All Converse programs (including Parallel Import) utilize the following programming model. Each processor has a task-queue. The life of a Converse program begins when one processor creates an initial task and inserts it into one of the task-queues. Then, all processors begin picking tasks from the task-queues and executing them. The initial task, when executed, creates several more tasks, which in turn create more tasks, and the entire computation proceeds in this fashion. Converse provides messaging subroutines which enable processors to insert tasks into each other's task queues. Therefore, the task-graph branches out across the processors. Eventually, the system runs out of tasks to perform, and the program is done. In Parallel Import, the most important kind of task is the tell\ method invocation.
In Parallel Import, each object is owned by a particular processor. When a tell\ invocation occurs, the processor that owns the object is tasked to execute the tell\ method. This tasking is performed with the Converse messaging subroutines. Note that the Converse queue is prioritized, and the tell\ invocation task is given a priority equal to its timestamp. Therefore, tell\ invocations with lower timestamps have more urgent priorities.
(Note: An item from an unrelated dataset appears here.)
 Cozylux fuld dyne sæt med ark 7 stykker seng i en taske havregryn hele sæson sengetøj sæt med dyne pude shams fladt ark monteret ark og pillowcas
When a processor extracts a tell\ invocation task from its queue, the system retrieves the object which must perform the tell\ method. A check is then made for out-of-order message delivery: the object's log is checked to see if the object has already executed a tell\
invocation with a higher timestamp. If so, the out-of-order message is undone. Finally, after undoing any incorrectly ordered messages, the system executes the appropriate tell\ method, and the execution of the method is logged.
Executing an import statement is similar to executing a statement in any other programming language. There are a few exceptions, however. The first exception is logging: many statements, before performing their usual action, make an entry in the log recording what they are doing so that they may be undone. The second exception is the few statements that can't be undone: for example, printing a message on the console. Each such statement is treated as a special case. One primary technique for implementing such statements, though, is the ``commit'' mechanism. Instead of simply printing a message on the console, an entry is made in the commit-log recording that a message needs to be printed. The actual printing is delayed until commit-time, which is described below.
Undoing an incorrectly-ordered message generally involves scanning the object's log and undoing each operation. Logging is a complex topic, it is discussed in detail elsewhere. For this overview, we summarize by saying that most statements are simply undone (for example, assignment statements are undone by setting variables back to their old values). The one statement which is more interesting is the tell\ statement: when a tell\ statement is initially executed, a message is sent tasking some processor to execute a method. When the tell\ statement is undone, a second message is transmitted after the first tasking the receiver to cancel or undo the tell\
invocation.
Because of the queueing, these cancel messages may arrive before the tell\ invocation is processed. If so, they are very straightforward: they simply cause the tell\ invocation to be nipped in the bud. However, they may also arrive after the tell\ invocation has been processed. In this event, the cancel-message triggers the undoing of the tell\
invocation. In this way, undos can cascade. We give cancel-messages a very high priority, since it is more efficient to stop a tell\
invocation before it starts than after it finishes.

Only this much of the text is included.